Archived Opinion

Thankful to have been a teacher

Thankful to have been a teacher

At 37, I’m still sorting out what I want to be when I grow up. 

When I was 8, I sent a children’s book to a publisher in Raleigh. Last Tuesday, I submitted a children’s book to several publishers. In between those two submission dates, I have been a waitress, sales associate, school psychologist, English teacher, essential oil distributor, instructional coach, social media manager and writer.

My childhood self knew more about me than I realized. Had I followed my intuition back then, I could have saved a lot of time and money.  
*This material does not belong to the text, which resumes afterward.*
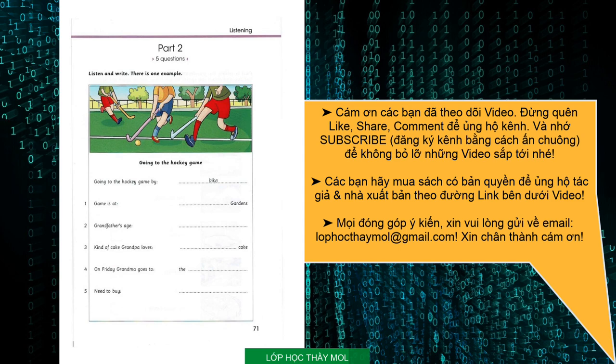3. You know, we can go and see Grandpa after the hockey game. Great. Can we bring him a chocolate cake? We don't need to bring any presents, Matt. I know. But Grandpa really loves chocolate cake. Well, OK then.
But life is a beautiful, messy journey and I will never lament my long string of careers. I thoroughly enjoyed all of them for different reasons, but of all the jobs I’ve had, teaching was the most complicated and intense. While all of my professional endeavors possessed quirks and challenges, nothing has compared to managing the stresses of teaching while simultaneously working to inspire 105 middle schoolers in an eight- or nine-hour span of time. 

Both of my parents were teachers. My mom initially taught high school business but spent the bulk of her career as the media coordinator (formerly known as a librarian) at Weaverville Primary School. My dad taught English, social studies and worked with colleges to write grants for new public school programs and initiatives. 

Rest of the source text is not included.